_PROBLEM TO WORK ON_
In the listing below, start your output at the line with "LA DAME D'AQUITAINE" and end it after the line with "draw amazing cartoon", copying every line exactly.

_MATERIAL SUPPLIED_
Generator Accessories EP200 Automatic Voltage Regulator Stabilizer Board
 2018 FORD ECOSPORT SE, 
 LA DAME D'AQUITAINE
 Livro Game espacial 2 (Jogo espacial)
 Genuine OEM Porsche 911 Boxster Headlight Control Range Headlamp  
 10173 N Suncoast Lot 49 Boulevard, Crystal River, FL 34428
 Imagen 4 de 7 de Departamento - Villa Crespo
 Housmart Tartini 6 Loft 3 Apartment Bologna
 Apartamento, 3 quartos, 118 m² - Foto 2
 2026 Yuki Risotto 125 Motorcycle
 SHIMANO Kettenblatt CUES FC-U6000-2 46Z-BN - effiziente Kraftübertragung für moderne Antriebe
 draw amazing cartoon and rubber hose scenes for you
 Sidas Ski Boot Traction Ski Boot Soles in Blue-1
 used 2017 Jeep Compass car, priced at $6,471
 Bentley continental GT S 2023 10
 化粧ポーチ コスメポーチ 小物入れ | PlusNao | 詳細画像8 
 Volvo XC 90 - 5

_RESPONSE_
 LA DAME D'AQUITAINE
 Livro Game espacial 2 (Jogo espacial)
 Genuine OEM Porsche 911 Boxster Headlight Control Range Headlamp  
 10173 N Suncoast Lot 49 Boulevard, Crystal River, FL 34428
 Imagen 4 de 7 de Departamento - Villa Crespo
 Housmart Tartini 6 Loft 3 Apartment Bologna
 Apartamento, 3 quartos, 118 m² - Foto 2
 2026 Yuki Risotto 125 Motorcycle
 SHIMANO Kettenblatt CUES FC-U6000-2 46Z-BN - effiziente Kraftübertragung für moderne Antriebe
 draw amazing cartoon and rubber hose scenes for you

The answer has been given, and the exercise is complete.